[Supplied data Boundary: Start]
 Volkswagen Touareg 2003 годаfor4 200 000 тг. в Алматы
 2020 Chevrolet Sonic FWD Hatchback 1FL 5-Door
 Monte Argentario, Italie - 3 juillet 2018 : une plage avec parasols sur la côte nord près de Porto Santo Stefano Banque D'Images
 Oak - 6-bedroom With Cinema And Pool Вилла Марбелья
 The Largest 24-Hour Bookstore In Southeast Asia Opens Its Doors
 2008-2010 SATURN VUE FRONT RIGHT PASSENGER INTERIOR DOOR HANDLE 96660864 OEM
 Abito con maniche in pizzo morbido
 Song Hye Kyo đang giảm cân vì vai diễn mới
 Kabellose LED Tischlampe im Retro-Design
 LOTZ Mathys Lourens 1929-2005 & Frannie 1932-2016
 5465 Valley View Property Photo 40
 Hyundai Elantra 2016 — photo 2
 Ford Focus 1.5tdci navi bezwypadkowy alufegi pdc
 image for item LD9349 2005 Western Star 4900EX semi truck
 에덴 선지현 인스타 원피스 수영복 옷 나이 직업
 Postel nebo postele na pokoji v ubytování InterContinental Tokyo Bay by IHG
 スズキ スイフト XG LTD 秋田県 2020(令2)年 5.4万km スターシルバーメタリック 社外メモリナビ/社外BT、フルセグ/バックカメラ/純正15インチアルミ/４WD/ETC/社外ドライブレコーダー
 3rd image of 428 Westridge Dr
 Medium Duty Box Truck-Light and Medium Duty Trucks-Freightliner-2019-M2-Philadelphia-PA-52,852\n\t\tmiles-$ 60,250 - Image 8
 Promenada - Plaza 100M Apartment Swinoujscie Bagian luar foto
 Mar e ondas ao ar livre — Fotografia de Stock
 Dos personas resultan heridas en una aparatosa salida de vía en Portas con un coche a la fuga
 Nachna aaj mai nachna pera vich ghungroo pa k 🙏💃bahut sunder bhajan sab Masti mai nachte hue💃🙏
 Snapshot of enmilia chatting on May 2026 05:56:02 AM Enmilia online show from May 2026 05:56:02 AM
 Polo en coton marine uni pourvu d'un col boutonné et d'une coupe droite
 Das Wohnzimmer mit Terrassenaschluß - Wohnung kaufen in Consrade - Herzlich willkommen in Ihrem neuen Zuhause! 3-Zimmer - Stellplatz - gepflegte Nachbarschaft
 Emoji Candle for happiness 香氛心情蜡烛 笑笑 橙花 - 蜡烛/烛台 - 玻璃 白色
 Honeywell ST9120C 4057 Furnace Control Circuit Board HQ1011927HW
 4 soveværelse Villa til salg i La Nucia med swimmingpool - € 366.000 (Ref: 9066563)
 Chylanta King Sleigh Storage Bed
[Supplied data Boundary: End]
§ Task directions
What you give back must be the stretch above, starting at the line with "スズキ スイフト XG" and ending at the line with "Emoji Candle for", copied exactly.

§ Your response
 スズキ スイフト XG LTD 秋田県 2020(令2)年 5.4万km スターシルバーメタリック 社外メモリナビ/社外BT、フルセグ/バックカメラ/純正15インチアルミ/４WD/ETC/社外ドライブレコーダー
 3rd image of 428 Westridge Dr
 Medium Duty Box Truck-Light and Medium Duty Trucks-Freightliner-2019-M2-Philadelphia-PA-52,852\n\t\tmiles-$ 60,250 - Image 8
 Promenada - Plaza 100M Apartment Swinoujscie Bagian luar foto
 Mar e ondas ao ar livre — Fotografia de Stock
 Dos personas resultan heridas en una aparatosa salida de vía en Portas con un coche a la fuga
 Nachna aaj mai nachna pera vich ghungroo pa k 🙏💃bahut sunder bhajan sab Masti mai nachte hue💃🙏
 Snapshot of enmilia chatting on May 2026 05:56:02 AM Enmilia online show from May 2026 05:56:02 AM
 Polo en coton marine uni pourvu d'un col boutonné et d'une coupe droite
 Das Wohnzimmer mit Terrassenaschluß - Wohnung kaufen in Consrade - Herzlich willkommen in Ihrem neuen Zuhause! 3-Zimmer - Stellplatz - gepflegte Nachbarschaft
 Emoji Candle for happiness 香氛心情蜡烛 笑笑 橙花 - 蜡烛/烛台 - 玻璃 白色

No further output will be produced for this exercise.